O que nenhum dos dois teve coragem de dizer ao outro, é que o vírus sofria mutações contínuas. E que uma dessas variantes poderia ter se tornado imune à medicação ora em uso.

- Eles vão aumentar a dosagem e Layla vai se recuperar - afirmou o pai tentando soar otimista. - Provavelmente, amanhã ela estará de volta à enfermaria.

- Que a Deusa nos proteja e sustente - murmurou Alys, antes de desligar.

* * *

Harri Shah retirou o jaleco contaminado antes de entrar na sala de reuniões, onde duas de suas colegas de hierarquia mais alta na administração hospitalar o aguardavam.

- E então, doutor Shah? - Indagou a superintendente Dunn, que ocupava a cabeceira da mesa de reuniões.

- Dra. Dunn... Dra. Harvey... mandei os resultados da análise de radiância para os seus e-mails - declarou o pediatra.

A outra médica fez um aceno de cabeça em saudação. Shah sentou-se a três cadeiras de distância das colegas, enquanto ambas consultavam as telas dos terminais de computador diante delas.

- Sim, percebo... - disse finalmente a Dra. Harvey. - Ocorreu somente com a paciente Layla Clark?

- Até o momento sim, mas estamos alertas para a eventualidade do fenômeno se repetir - declarou Shah.

- Isso é absolutamente inusitado - ponderou a superintendente, ajeitando os óculos no rosto e encarando o pediatra. - Tivemos um pico de Ressonância dentro da enfermaria pediátrica?

- Sim senhora - assentiu Shah. - O nível foi alto demais, mesmo para os padrões militares usuais. E eles foram avisados, segundo determina o protocolo.

- Um ataque direcionado - comentou a Dra. Harvey.

- Especificamente para Layla Clark - corroborou Shah.

- Mas por que ela? - Questionou a superintendente. - Isso não faz o menor sentido!

- Alguém criou um vínculo com a paciente - resumiu Shah. - E, pelo que podem verificar, é externo à nossa realidade.

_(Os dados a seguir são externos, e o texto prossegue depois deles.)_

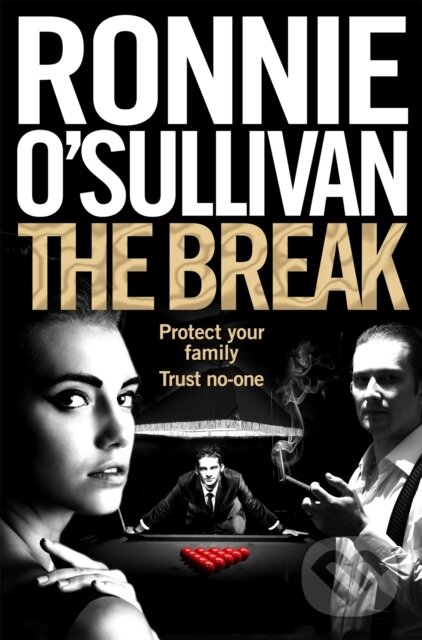 Kniha: The Break (Ronnie O'sullivan). Pan Books, 2019 Kniha: The Break (Ronnie O'sullivan). Pan Books, 2019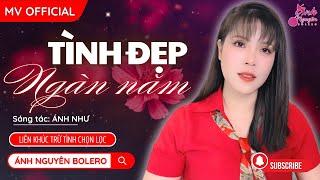 MV TÌNH ĐẸP NGÀN NĂM | Ánh Nguyên  Bolero | LK Trữ Tình Tan Chảy Triệu Con Tim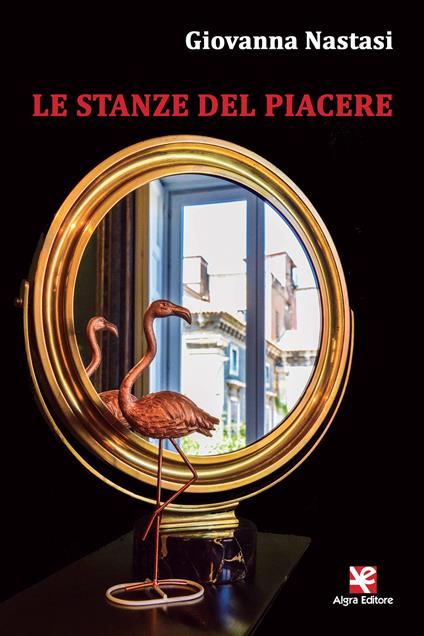 Le stanze del piacere - Giovanna Nastasi - copertina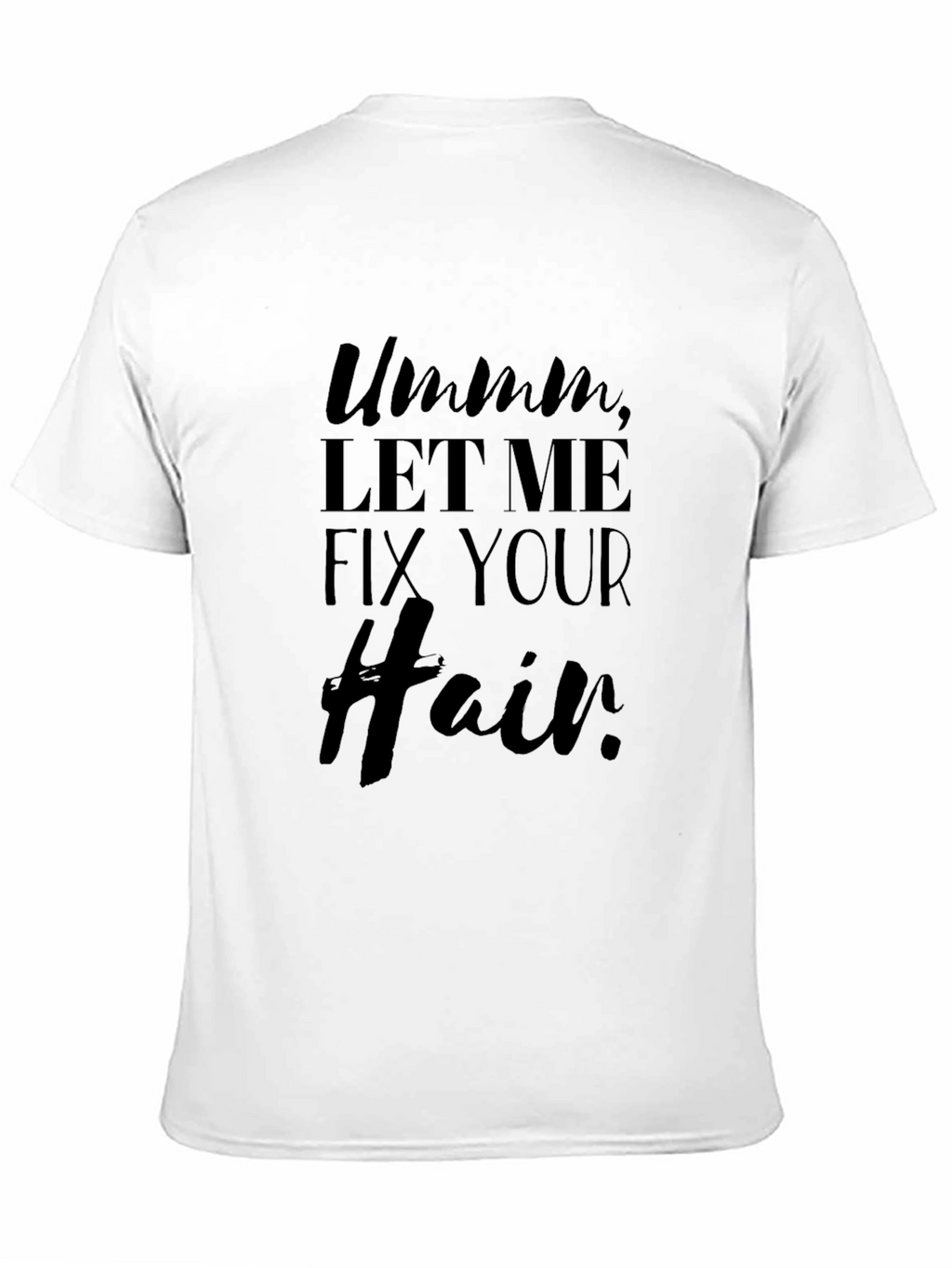 Ummm Let Me Fix Your Hair T-Shirt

- Podemos descobrir de onde partiu o ataque... e, o mais importante, o que faremos para impedir que outros ocorram? Já temos esse vírus mortal para nos preocuparmos, não custa lembrar - disse a Dra. Harvey com expressão cansada.

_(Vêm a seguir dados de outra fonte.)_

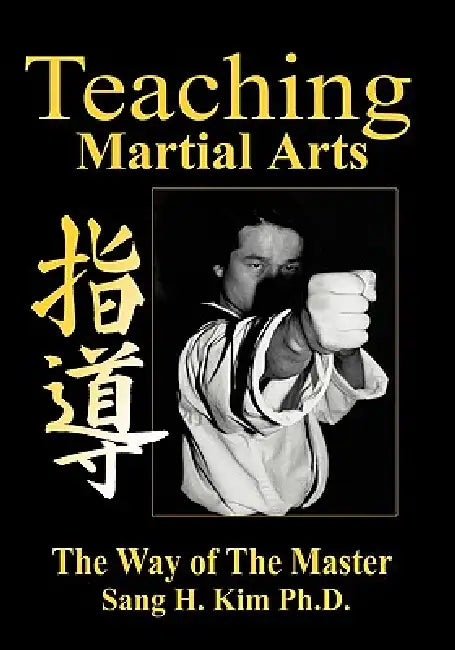 Teaching Martial Arts by Sang H. Kim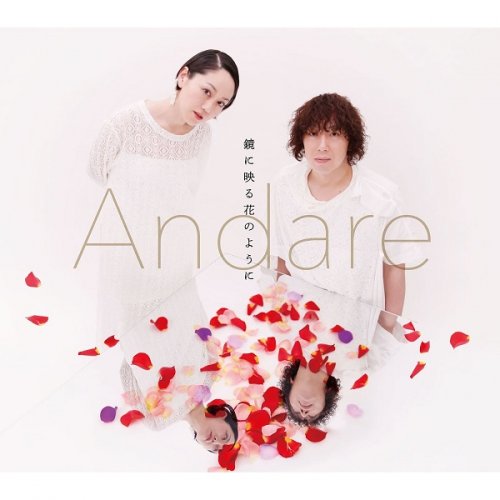 Andare - Kagami Ni Utsuru Hana No Yo ni (2018)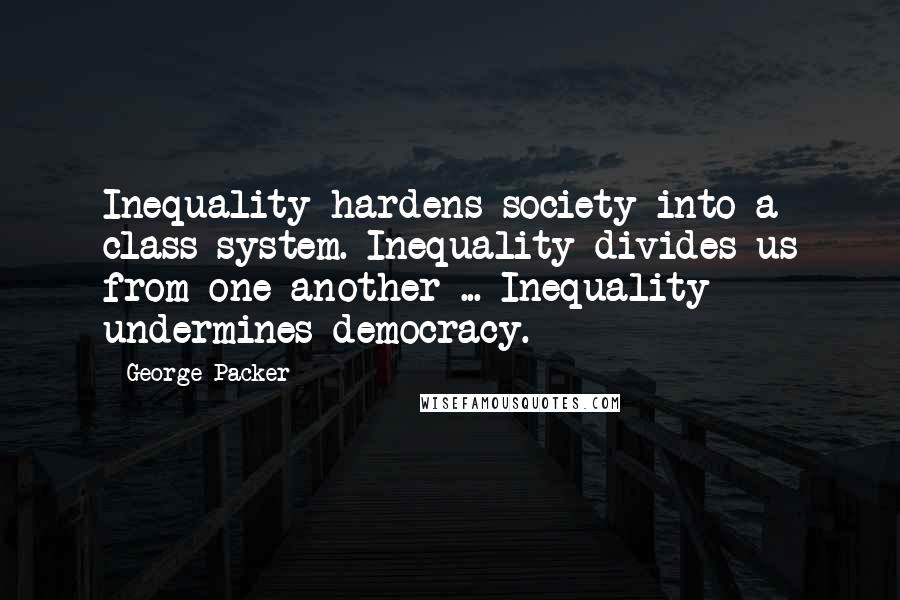 George Packer quotes: Inequality hardens society into a class system. Inequality divides us from one another ... Inequality undermines democracy.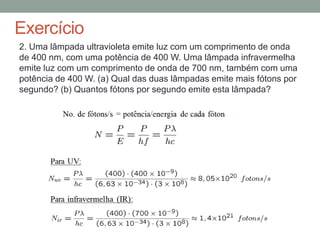 Exercício
2. Uma lâmpada ultravioleta emite luz com um comprimento de onda
de 400 nm, com uma potência de 400 W. Uma lâmpada infravermelha
emite luz com um comprimento de onda de 700 nm, também com uma
potência de 400 W. (a) Qual das duas lâmpadas emite mais fótons por
segundo? (b) Quantos fótons por segundo emite esta lâmpada?
 
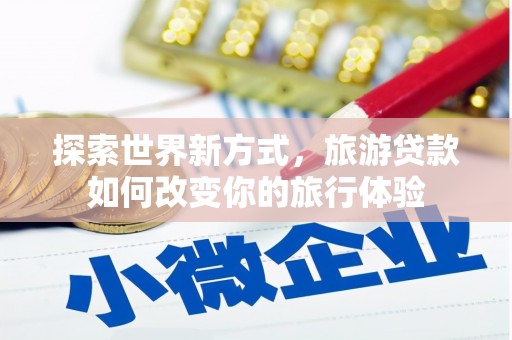 头屋探索世界新方式，旅游贷款如何改变你的旅行体验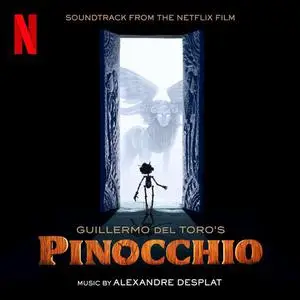 Alexandre Desplat - Guillermo del Toro's Pinocchio (2022)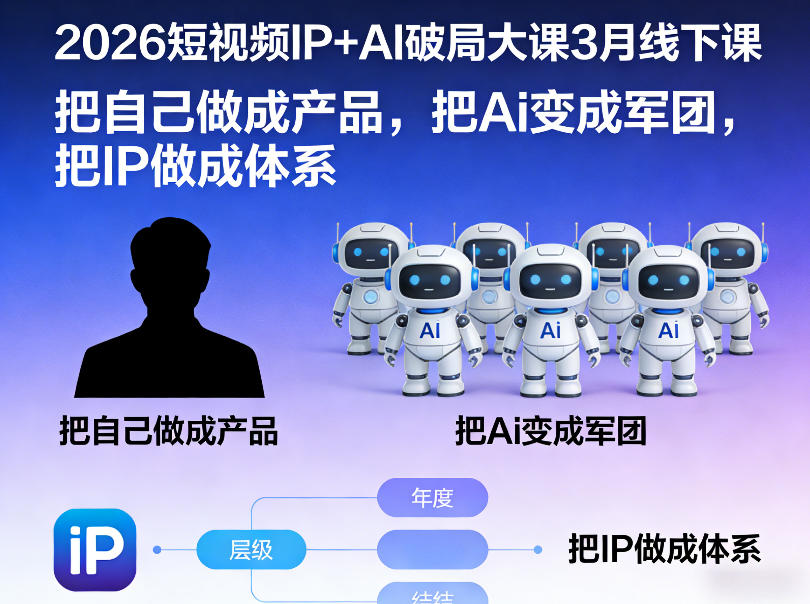 2026短视频IP+AI破局大课3月线下课，把自己做成产品，把Ai变成军团，把IP做成体系-齐力副业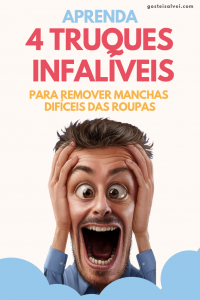 Read more about the article 4 Truques Infalíveis Para Remover Manchas Difíceis Das Roupas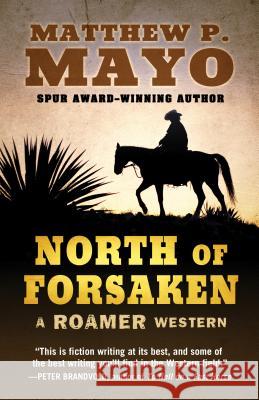 North of Forsaken Matthew P. Mayo 9781432832414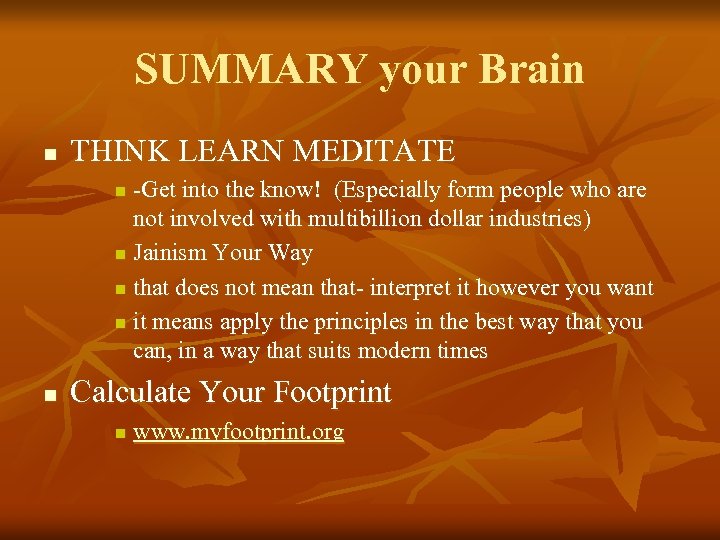 SUMMARY your Brain n THINK LEARN MEDITATE -Get into the know! (Especially form people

- Os militares sugeriram que o vínculo não seja rompido - redarguiu Shah. - Até para que saibamos o que o agressor deseja.

- Isso pode e está colocando a vida da paciente em perigo - a Dra. Harvey franziu a testa.

- Sei disso, senhora; - assentiu Shah - fiz um protesto formal, mas ainda assim os militares mandaram instalar monitores de radiância dentro da UTI. A ideia é determinar a origem do vínculo enquanto cuidamos da paciente.

- Outras crianças podem estar em perigo - suspirou a superintendente.

- Precisamente, senhora - redarguiu Shah.